Replacing failed OS RAID disks

RAID1 is automatically configured on the server. However, in some cases, you may need to remove, recover, and add new devices to RAID.

In most cases, this requires removing the failing disk and installing a new one.

While you can do this while powered up, if the system allows you to power down, do so.
  1. To check the status of the RAID1 disk, type:
    cat /proc/mdstat

    When RAID1 is working correctly, the terminal prints, for example:

    Personalities : [raid1]
    
    md126 : active raid1 sda[1] sdb[0]
    
          125032448 blocks super external:/md127/0 [2/2] [UU]
    
    md127 : inactive sdb[1](S) sda[0](S)
    
          4520 blocks super external:imsm
    • [UU] indicates that both disks are operational.

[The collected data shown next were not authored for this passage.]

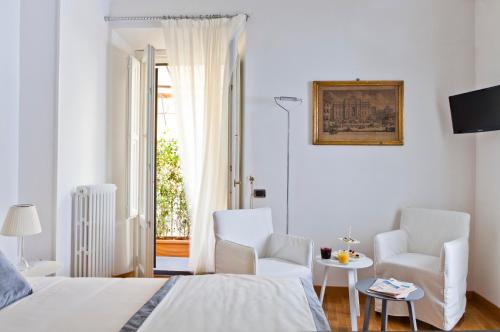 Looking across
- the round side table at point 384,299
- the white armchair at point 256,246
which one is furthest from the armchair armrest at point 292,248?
the round side table at point 384,299

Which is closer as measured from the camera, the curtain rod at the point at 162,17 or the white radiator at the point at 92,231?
the white radiator at the point at 92,231

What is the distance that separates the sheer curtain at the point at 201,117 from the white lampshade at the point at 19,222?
146 centimetres

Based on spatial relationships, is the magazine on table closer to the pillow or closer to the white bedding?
the white bedding

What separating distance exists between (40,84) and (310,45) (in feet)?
7.80

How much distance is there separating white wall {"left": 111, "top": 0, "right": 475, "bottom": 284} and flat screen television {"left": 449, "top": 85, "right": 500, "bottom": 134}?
28 centimetres

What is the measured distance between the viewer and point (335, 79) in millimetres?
3648

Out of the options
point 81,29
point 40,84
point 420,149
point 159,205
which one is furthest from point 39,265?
point 420,149

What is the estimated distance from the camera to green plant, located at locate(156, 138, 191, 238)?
5.21 meters

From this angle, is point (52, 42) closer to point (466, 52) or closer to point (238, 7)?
point (238, 7)

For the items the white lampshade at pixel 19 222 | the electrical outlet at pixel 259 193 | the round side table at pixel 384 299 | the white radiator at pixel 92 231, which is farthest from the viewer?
the electrical outlet at pixel 259 193

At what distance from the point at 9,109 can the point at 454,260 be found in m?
3.49

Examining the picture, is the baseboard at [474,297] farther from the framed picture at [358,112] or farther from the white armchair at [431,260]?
the framed picture at [358,112]

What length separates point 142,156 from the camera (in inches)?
157

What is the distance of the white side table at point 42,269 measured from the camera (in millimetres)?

    • If there is a problem with one of the disks, the [UU] string is [_U] or [U_].

  2. Check if disk sda or sdb has failed.
  3. To remove the disk from RAID configuration, type:

    Take care when removing the failing disk.

    Remove only the disk identified as failing. In the following example, it is sdb.

    mdadm --manage /dev/md/imsm0 --remove /dev/sdb

    The terminal prints:

    mdadm: hot removed /dev/sdb from /dev/md/imsm0
  4. Power down computer, replace the failing disk, and reboot
  5. To create the partition on the replacement disk, type:
    sfdisk -d /dev/sda | sfdisk /dev/sdb
  6. To verify the partition, type:
    fdisk –l
  7. To add a new disk to the raid array, type:
    mdadm --manage /dev/md/imsm0 --add /dev/sdb
  8. To check the recovery process, type:
    cat /proc/mdstat

    The terminal prints:

    [root@wes-install ~]# cat /proc/mdstat
    
    Personalities : [raid1]
    
    md126 : active raid1 sdb[2] sda[1]
    
          125032448 blocks super external:/md127/0 [2/2] [UU]
    
    md127 : inactive sdb[1](S) sda[0](S)
    
          4520 blocks super external:imsm
    
     unused devices: <none>